Что рассказать о своей жизни? Каждое утро в прохладном классе я собираю тридцать учеников, и мы с ними начинаем говорить о грамоте, об их будущем, о месте в жизни. Любопытные глазенки ребят загораются великим желанием познания. И тогда я им читаю, и тогда они сами всматриваются в печатные знаки, постигая таинство сложения звуков в слова и понятия. Ты бы слышал, с какой душевной радостью Маша, Федя или Кланя впервые читают, запинаясь и повторяя слова: «Встань поутру, не ленись, мылом вымойся, утрись, кто растрепан, неумыт, тот собой людей смешит…» И я радуюсь вместе с ними, а после уроков иду в дом, где живут те же Маша, Федя или Кланя, чтобы вместе с родителями еще раз пережить эти приметы рождения человека сознательного.
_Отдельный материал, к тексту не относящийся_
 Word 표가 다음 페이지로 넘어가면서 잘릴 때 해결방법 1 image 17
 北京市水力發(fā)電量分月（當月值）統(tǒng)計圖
И свободные часы есть у меня, но я стараюсь никуда не ходить, беседую с хозяином Федором Ивановичем Крячко, у которого квартирую; читаю, вышиваю и все думаю о тебе: что ты делаешь вот сейчас, где находишься, с кем говоришь? Я даже разговариваю с тобой, придумываю за тебя слова и мысли.

Сразу после уроков в субботу я уезжаю к тете. Часто тайком, чтобы избежать назойливого предложения известного тебе человека воспользоваться его пролеткой, его хорошими конями.

У тети я отдыхаю безмятежно и счастливо, как птенец под крылом птицы. Случается, по воскресеньям, иду к Софье Павловне, мы обедаем с твоими славными стариками, и Михаил Николаевич обретает внимательных слушательниц, коим он подробно повествует картины последних годов неистового Шамиля.

Почему наша почта движется так медленно? Восемь дней до тебя. Восемь — в обратном направлении. Опять виноваты дороги! Дороги-разлучницы. Дороги, способные украсть даже надежду…"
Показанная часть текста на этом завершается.